以上兩個類似的經歷給我們帶來了深刻教訓:
——造成嚴重通貨膨脹和資產價格泡沫的并不是貨幣升值本身,而在于在堅持固定匯率失敗后,當局出于對升值帶來緊縮的恐懼采取了過分擴張的財政和貨幣政策。面對貨幣升值本身帶來的緊縮后果應當實行調整,但絕不是無紀律的松弛擴張。
——財政政策和貨幣政策有著不同的政策時滯和持續時間。貨幣政策非常靈活卻有相當時滯,但影響時間較長;而財政政策與之相反。在這兩個案例中,貨幣政策都缺乏前瞻性,當應當進行緊縮時未能實行,需要擴張時卻不能把握力度,出現通脹和泡沫時已經晚了。
——確定財政和貨幣政策實施的時機非常重要。假如在1972年日本當局沒有固守308日元/1美元的固定匯率并提高貼現率,此后的惡性通貨膨脹本可避免,而與此類似,若1987~1988年日本銀行就及時緊縮貨幣,資產價格泡沫也不至于膨脹到如此巨大程度,破滅后的損失也不至于如此慘重。

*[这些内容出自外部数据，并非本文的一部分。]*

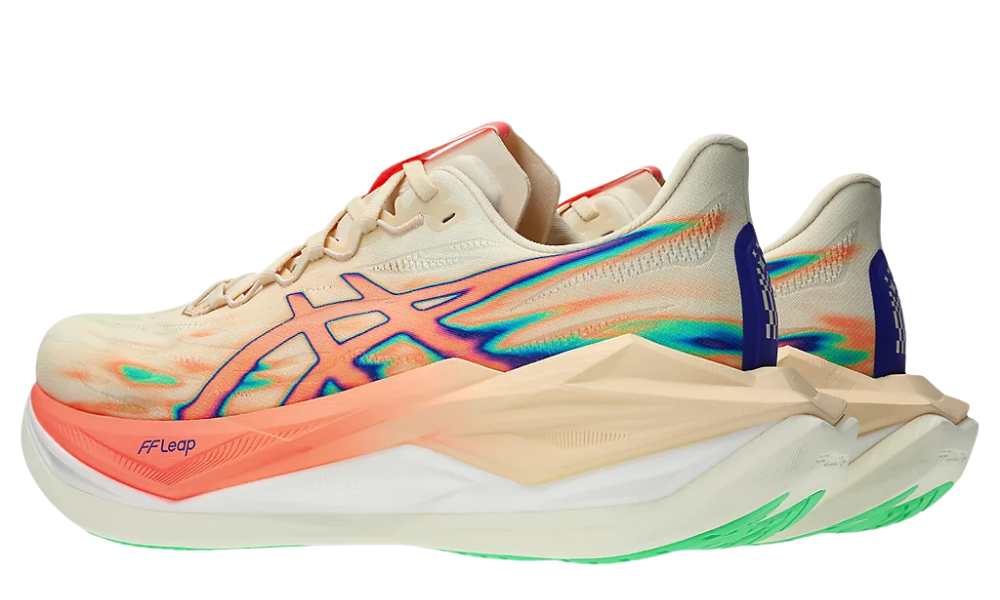 Asics SUPERBLAST 3 "SEASHELL/SUN CORAL"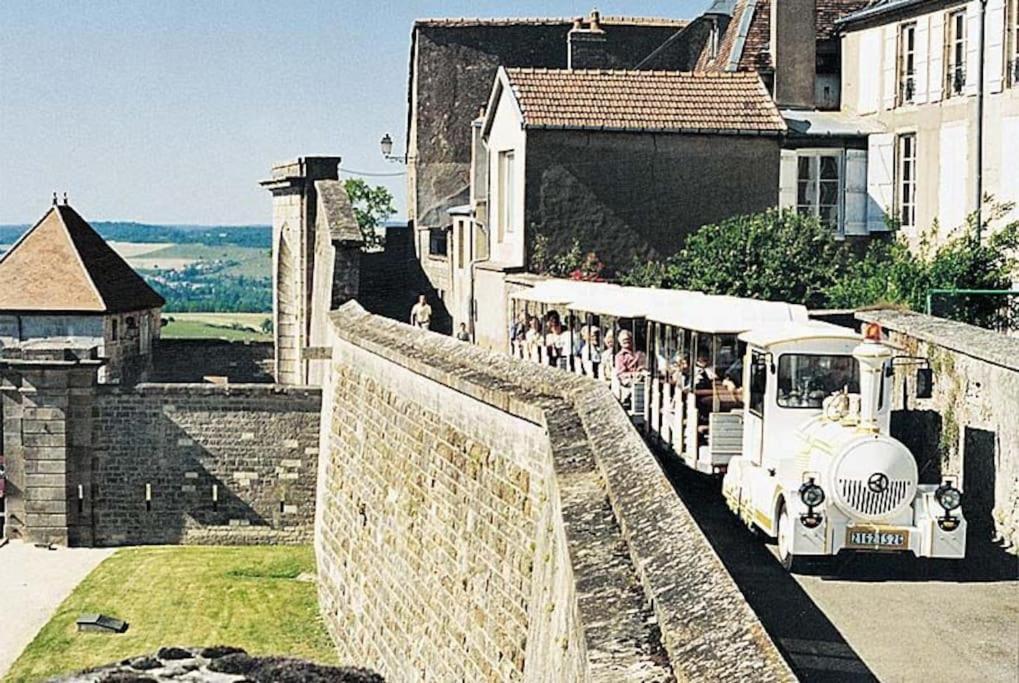 Appartement Proche Des Remparts Λανγκρ Εξωτερικό φωτογραφία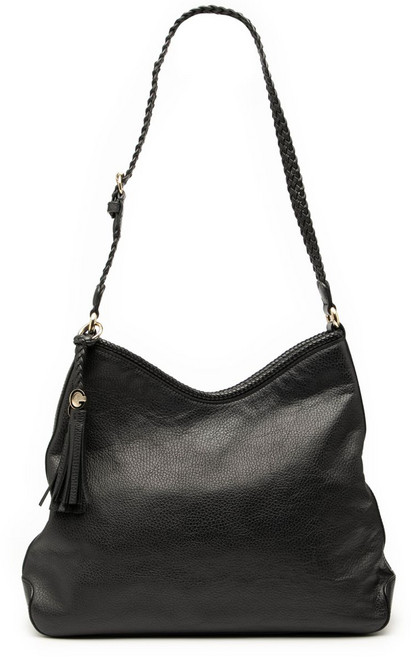 구찌 중고 2000-2015 미디엄 레더 마라케시 숄더 백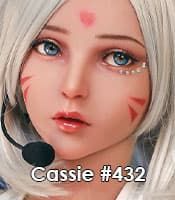 Visage Cassie #432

——國際上對一國宏觀經濟政策的意見往往指向宏觀政策的嚴重錯誤,而不見得主要是政治考慮。匯率政策本質上是國際協調機制下的政策,應當受到國際監督,而財政和貨幣政策是一國政府內部政策。因此充分理解前者的國際性,進行國際協調,而對于后者,則不應受到過多的國外壓力。日本政府在這兩次經歷中都正好把這兩種態度擺錯了位置。
人民幣匯率是否被低估了?我的看法是肯定的。從目前8.28人民幣/1美元的匯價來看,人民幣匯率可能被低估了30%~40%。幣值低估本身就是一種福利損失。目前的盯住匯率是通過當局嚴格的資本管制和頻繁的外匯干預來維持的,這給中央銀行帶來了更大的匯率風險,也可能喪失貨幣政策主動性。

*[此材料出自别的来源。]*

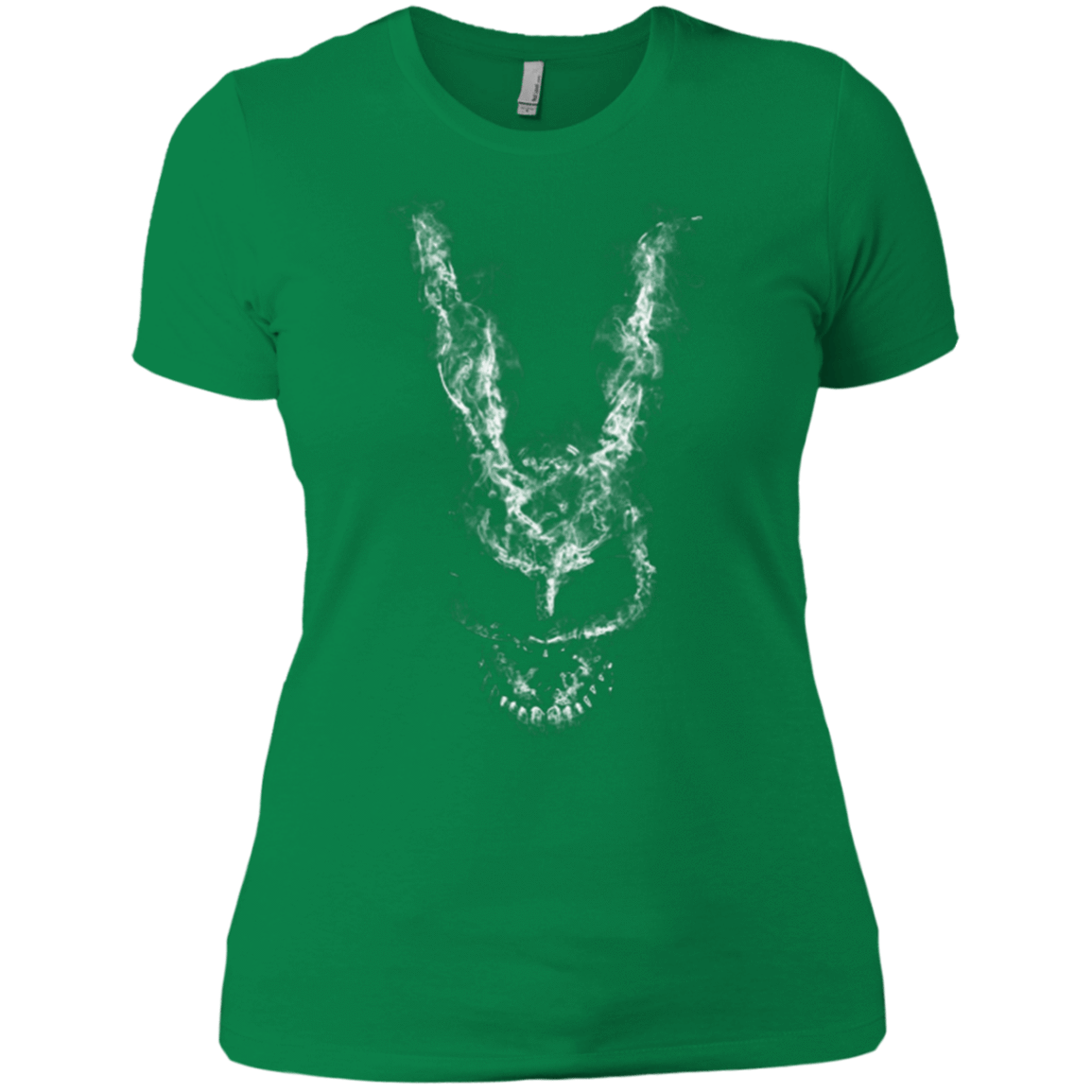 T-Shirts Kelly Green / X-Small Frank Smoke Women's Premium T-Shirt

雖然中國惡性通脹的可能性不大,但是最近貨幣供應量大增,資產價格泡沫跡象明顯,中央銀行能否在盯住匯率下進行長期有效的外匯干預同時不損害貨幣政策有效性,還是一個未知數。中國和日本的金融體系和匯率安排有諸多相似之處,為避免惡性通脹或者人民幣匯率自我實現式的急劇升值,中國貨幣當局必須盡快制定一個人民幣匯率改革的中期方案,及早進行匯率調整。

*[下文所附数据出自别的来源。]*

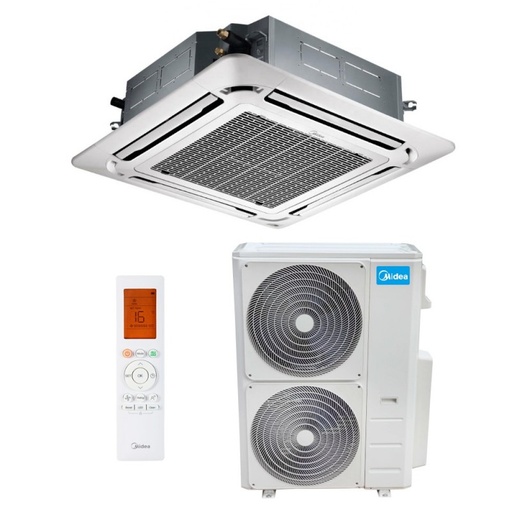 [CEGCASSETTE18000BTUL] SPLIT CASSETTE- MCA3 - 18CRN1 - 1800BTU SLIM ROUND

目前有多種方案可供參考,如激進式的立即實現人民幣匯率自由浮動,同時解除資本管制;將人民幣溫和升值15%~25%,由單一盯住美元轉向盯住一攬子貨幣,等等。我建議的方案是,允許人民幣匯率在今后數年內每年以7%~10%的速度逐步上調,在這一區間內,我傾向于爬行盯住制度。對于中國政府來說,這可能只是一個技術問題。無論如何,為了防止資本套利的沖擊,資本管制仍然是需要的。